What is the Program for All-Inclusive Care for the Elderly (PACE)?
Program for All-Inclusive Care for the Elderly (PACE) is a nationwide model of care designed to help elders stay living in the community (instead of in nursing homes) as long as possible.
A team of health professionals assesses each elder's needs and develops a plan of total care. Services are in the elder's home, adult day health center or an assisted living facility.
The PACE program is for elders who are 55 or older (individuals under 65 must meet the Social Security disability definition), live in a PACE service area, are able to live safely in the community (with assistance through PACE), are certified by the state as eligible for nursing home care, and agree to receive health services exclusively through the PACE.
What is the difference between PACE and Elder Service Plan?
Elder Service Plans are part of the PACE program.
What are the income and asset rules for PACE?

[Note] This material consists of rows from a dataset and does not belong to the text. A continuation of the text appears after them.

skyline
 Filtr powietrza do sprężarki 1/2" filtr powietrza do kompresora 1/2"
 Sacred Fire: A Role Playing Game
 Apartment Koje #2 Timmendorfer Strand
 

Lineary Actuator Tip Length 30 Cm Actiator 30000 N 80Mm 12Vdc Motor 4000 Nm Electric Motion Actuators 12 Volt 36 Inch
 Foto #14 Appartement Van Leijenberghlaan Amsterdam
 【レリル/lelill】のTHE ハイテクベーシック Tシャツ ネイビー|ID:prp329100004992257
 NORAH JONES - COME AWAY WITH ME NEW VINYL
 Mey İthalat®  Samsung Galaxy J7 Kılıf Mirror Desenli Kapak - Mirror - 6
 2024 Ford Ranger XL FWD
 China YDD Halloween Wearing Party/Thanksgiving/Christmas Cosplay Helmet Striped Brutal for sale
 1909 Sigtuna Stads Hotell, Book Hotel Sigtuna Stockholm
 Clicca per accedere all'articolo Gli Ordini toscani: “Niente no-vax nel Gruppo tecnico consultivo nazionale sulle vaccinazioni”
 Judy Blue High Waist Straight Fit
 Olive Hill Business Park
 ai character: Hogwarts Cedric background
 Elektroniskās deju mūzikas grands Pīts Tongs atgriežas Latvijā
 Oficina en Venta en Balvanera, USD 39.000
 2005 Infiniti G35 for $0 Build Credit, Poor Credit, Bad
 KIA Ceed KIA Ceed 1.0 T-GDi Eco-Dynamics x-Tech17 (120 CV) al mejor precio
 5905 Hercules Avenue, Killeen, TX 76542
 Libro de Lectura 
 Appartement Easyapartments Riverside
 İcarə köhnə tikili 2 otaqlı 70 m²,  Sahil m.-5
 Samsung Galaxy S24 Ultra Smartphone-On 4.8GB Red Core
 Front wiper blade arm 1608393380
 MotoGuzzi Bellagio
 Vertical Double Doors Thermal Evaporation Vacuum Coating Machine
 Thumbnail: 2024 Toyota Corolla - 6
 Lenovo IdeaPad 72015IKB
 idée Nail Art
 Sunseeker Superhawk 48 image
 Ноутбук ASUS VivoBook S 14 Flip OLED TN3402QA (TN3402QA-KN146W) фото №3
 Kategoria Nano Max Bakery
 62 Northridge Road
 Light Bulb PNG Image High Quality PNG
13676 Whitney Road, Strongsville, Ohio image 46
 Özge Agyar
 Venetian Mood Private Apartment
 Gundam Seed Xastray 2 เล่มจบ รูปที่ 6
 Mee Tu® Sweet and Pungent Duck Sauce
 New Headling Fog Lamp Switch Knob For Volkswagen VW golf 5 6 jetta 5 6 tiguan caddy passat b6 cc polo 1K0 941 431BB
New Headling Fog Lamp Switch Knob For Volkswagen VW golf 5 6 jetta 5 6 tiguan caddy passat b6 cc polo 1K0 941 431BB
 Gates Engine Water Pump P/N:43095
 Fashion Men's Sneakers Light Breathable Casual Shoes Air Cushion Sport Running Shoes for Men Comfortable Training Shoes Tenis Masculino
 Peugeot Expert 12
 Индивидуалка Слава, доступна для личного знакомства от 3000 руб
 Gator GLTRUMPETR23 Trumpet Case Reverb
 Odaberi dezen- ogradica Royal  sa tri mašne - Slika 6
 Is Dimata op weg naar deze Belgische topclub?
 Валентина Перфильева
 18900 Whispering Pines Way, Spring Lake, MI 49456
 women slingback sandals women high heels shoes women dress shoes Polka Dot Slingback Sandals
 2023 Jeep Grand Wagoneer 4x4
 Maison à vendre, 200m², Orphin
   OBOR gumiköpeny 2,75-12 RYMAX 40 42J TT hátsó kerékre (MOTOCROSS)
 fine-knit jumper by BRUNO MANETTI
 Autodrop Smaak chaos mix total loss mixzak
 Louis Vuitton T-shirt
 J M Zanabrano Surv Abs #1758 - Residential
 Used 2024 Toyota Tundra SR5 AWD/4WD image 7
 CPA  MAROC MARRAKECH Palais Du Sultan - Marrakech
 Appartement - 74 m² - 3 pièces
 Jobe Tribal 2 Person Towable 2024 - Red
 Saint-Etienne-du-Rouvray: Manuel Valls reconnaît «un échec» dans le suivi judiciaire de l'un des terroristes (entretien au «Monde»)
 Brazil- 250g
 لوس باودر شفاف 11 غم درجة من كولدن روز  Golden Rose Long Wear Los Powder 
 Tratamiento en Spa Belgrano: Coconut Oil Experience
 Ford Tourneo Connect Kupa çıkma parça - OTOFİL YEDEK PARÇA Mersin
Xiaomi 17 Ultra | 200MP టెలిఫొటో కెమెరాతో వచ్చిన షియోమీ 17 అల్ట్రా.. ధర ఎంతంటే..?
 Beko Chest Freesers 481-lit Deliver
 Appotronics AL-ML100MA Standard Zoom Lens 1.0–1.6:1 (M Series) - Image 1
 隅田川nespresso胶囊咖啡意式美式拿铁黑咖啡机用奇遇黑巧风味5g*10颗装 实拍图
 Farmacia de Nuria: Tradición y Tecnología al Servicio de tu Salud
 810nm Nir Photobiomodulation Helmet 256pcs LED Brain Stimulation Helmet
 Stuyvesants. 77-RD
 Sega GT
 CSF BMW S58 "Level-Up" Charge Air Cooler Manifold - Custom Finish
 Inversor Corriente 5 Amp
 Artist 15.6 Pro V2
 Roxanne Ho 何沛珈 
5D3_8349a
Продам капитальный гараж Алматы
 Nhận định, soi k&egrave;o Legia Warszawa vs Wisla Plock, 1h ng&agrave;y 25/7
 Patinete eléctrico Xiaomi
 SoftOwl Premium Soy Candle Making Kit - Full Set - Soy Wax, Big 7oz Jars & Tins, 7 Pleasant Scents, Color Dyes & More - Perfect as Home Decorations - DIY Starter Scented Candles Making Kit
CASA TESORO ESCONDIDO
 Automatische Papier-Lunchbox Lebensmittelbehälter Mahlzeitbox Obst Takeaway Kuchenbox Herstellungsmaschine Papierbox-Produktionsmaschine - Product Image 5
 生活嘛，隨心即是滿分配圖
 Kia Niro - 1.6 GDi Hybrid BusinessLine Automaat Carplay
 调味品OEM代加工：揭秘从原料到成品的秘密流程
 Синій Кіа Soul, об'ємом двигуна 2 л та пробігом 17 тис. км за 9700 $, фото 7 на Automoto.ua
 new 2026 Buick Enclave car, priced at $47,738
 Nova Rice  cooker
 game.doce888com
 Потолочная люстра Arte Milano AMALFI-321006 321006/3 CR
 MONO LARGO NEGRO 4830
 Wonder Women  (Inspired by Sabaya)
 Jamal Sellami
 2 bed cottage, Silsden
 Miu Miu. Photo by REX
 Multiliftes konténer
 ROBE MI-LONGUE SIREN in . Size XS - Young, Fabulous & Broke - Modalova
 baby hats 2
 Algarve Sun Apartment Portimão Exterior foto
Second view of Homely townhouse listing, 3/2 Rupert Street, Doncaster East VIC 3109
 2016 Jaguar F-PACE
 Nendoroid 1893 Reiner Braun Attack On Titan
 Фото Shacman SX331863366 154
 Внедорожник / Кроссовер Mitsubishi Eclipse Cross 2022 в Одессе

If an elder has gross monthly income of $2,163 or less in 2014, there is no monthly spenddown and he or she gets to keep all of their income. In contrast, if the elder's gross monthly income in 2014 is over $2,163, there is a monthly spenddown to $542. In other words, if the elder’s income exceeds the threshold of 300% of the federal Supplemental Security Income (SSI) benefit ($2,163 in 2014), he or she gets to keep only $542.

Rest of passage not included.